Configure SWS protections for applications

This topic describes how to configure SWS protections to work with any SSO web app and any non-CyberArk Identity IdP, such as Okta and Microsoft Azure.

For details on how to add SWS protections to CyberArk Identity SSO applications, see Enable Secure Web Sessions on CyberArk Identity SSO applications

How it works

  1. The administrator creates a SAML-based application in the IdP for end users to access, and configures the application's SAML settings.

  2. The administrator modifies the SAML-based application with data provided from SWS.

  3. The end user logs in to the organization IdP (e.g. Okta, Microsoft Azure), and launches the target application that is integrated with SWS protection layers.

  4. The end user is redirected to the SWS security layers verification window.

  5. Upon successful verification, the application is launched with SWS security layers enforced, using the SWS extension browser.

Configure an application with SWS protections

In the SWS Admin portal, go to the Application policies page, and click Configure application to launch the wizard.

If you are adding an application policy for the first time, click Configure SWS protections for an app using any other IdP to launch the wizard.

You can click the Continue later button at the bottom of the wizard page at any time to save your progress as a draft.

Step 1: Set the general details

  1. Enter a meaningful name for the application. This name will appear in the SWS Admin portal.

  2. (Optional) Upload a logo for the application.

    • Maximum size - 150 KB.

    • Supported file formats - JPEG, PNG and BMP.

  3. Select your IdP, and click Next.

    After you proceed to the next step, you will not be able to edit the IdP selection.

Step 2: Get target application details

In this step you need to provide the application's SAML service provider metadata. The specific information and configuration field names might vary for each application.

  1. Upload the application service provider metadata using a URL or XML file, or manually enter the details.

    The following metadata needs to be provided from the target app:

    • Entity ID / Issuer / Audience

    • Assertion Consumer Service URL

    • Single Logout URL

    • Target application signing certificate (PEM or CER format)

    When you upload the metadata, the details in the manual section are populated with the details. These details are read-only, unless you select the manual radio button.

  2. Click Next.

Step 3: Get IdP SSO application details

In this step you need to provide the IdP SSO app metadata. The specific information and configuration field names might vary for each application.

  1. Upload the IdP SSO app metadata using a URL or XML file, or manually enter the details.

    The following metadata needs to be provided from the IdP:

    • Identifier

    • Login URL

    • Logout URL

    • Identity Provider signing certificate (PEM or CER format)

    When you upload the metadata, the details in the manual section are populated with the details.

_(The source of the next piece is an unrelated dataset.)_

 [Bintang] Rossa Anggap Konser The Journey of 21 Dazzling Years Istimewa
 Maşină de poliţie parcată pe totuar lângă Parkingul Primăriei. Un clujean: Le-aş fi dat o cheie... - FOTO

These details are read-only, unless you select the manual radio button.

  2. Click Next.

Step 4: Update IdP SSO app with details from SWS

In this step you need to copy and paste the SWS details into your IdP SSO application settings.

  1. Click Copy to clipboard to copy each of the details into your application settings.

    In the wizard, you can refer to the diagram and highlighted areas for indication where to paste the details in your IdP settings. (Relevant for Okta and Microsoft Azure).

    When copying the custom UseCyberArkSWS attributes and claim statement into your IdP settings, make sure its applied to your app users.

    User login requests to this application will be routed through SWS protections, and applied and validated, only for the users that have this custom attribute.

  2. When you've completed copying and pasting all the details, select the check box to confirm your IdP application details were updated.

  3. Click Next.

Step 5: Update target app (service provider) with details from SWS

In this step you need to copy and paste the SWS details into your target application settings (service provider).

  1. Click Copy to clipboard to copy each of the details into your application settings.

    In the wizard, you can refer to the diagram and highlighted areas for indication where to paste the details in your application settings. (Relevant for Okta or Microsoft Azure).

  2. When you've completed copying and pasting all the details, select the check box to confirm your target application details were updated.

  3. Click Finish.

When all the steps are validated, all user login requests to this application are routed through Secure Web Sessions.

By default, only the Step Recording security layer is activated. To change the default, or add security layers for this app, see Edit security layers per application.